Uma mulher de palavra
Bastaria citar Hildegarda de Bingen (1098-1179) para compreender quão pouco conhecemos do papel da mulher na Igreja e o quanto alguns santos serviram de alimento a gente distante da fé. Vive num tempo de papas e antipapas e consegue, surpreendentemente, subtrair-se ao influente clero de Mainz, oferecendo uma leitura totalmente pessoal do seu tempo.
Hildegarda deixa a abastada Disibodenberg, transferindo-se para uma região rupestre, Rupertsberg, fundando um novo mosteiro. Deste “púlpito” fala a papas e imperadores, entra em diálogo com figuras do calibre de S. Bernardo, permanecendo submissa às legítimas autoridades, eclesiásticas e não.
Apresentando a relação entre homem e mulher com surpreendente liberdade, Hildegarda ensina às suas religiosas a serem antes de tudo mulheres, depois cristãs, depois monjas. Com uma antecipação de oito séculos relativamente a Bonhoeffer (que, aprisionado pelos nazis, afirmava a necessidade de se ser crente, e não religioso), exalta a experiência do crente contra categorias religiosas que sufocam o real conhecimento do divino.
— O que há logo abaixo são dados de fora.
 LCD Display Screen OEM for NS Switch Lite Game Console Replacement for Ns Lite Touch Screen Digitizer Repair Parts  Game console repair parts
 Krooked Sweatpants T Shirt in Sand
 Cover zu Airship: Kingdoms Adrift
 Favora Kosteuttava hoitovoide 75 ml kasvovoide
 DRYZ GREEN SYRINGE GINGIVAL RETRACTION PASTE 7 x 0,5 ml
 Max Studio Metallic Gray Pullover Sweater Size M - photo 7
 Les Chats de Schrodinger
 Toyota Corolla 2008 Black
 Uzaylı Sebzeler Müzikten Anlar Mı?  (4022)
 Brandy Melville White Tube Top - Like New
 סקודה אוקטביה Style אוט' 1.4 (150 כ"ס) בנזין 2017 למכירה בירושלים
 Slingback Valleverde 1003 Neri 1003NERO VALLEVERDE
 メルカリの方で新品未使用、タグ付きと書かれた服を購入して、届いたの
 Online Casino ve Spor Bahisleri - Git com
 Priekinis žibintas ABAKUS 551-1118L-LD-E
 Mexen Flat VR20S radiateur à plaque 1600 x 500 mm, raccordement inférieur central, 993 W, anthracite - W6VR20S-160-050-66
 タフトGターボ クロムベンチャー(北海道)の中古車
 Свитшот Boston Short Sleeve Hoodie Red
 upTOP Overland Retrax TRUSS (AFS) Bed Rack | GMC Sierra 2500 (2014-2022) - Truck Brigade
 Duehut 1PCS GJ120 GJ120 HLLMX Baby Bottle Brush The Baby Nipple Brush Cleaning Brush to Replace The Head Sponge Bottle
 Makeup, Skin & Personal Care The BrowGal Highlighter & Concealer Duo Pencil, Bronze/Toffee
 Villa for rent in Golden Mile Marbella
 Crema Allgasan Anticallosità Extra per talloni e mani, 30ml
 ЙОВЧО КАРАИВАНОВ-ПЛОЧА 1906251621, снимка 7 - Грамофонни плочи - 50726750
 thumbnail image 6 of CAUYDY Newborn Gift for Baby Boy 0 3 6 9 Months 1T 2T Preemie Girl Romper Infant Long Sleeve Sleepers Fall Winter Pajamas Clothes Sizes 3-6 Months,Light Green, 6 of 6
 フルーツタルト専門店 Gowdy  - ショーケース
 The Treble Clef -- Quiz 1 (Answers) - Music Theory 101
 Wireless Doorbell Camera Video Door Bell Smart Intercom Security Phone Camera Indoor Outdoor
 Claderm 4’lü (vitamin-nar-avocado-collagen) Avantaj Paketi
Uma mulher assim não deslizou para análises estéreis da realidade, que nunca levam à salvação, mas propôs uma experiência de vida. Lançou uma proposta nova, num tempo difícil dominado por homens. (...) Foi um desafio para a estrutura política e religiosa do seu tempo. E também não vestiu roupas “modernas” para agradar ao seu mundo em mudança. Permaneceu monja, educando as suas irmãs através do teatro e do canto, a exprimir-se em beleza, santidade e fé. Não lhe faltaram críticas e transtornos, e no entanto hoje é fonte inesgotável de inspiração para leigos e consagrados.
Fazem falta pessoas assim: figuras políticas, masculinas e femininas, figuras religiosas capazes de produzir frutos constituídos por factos, não por palavras. Pessoas de escolhas corajosas e contracorrente que voltem aos princípios fundadores de uma existência humana digna desse nome e de uma política que ofereça ao cidadão a garantia da vida, sã no corpo e na mente.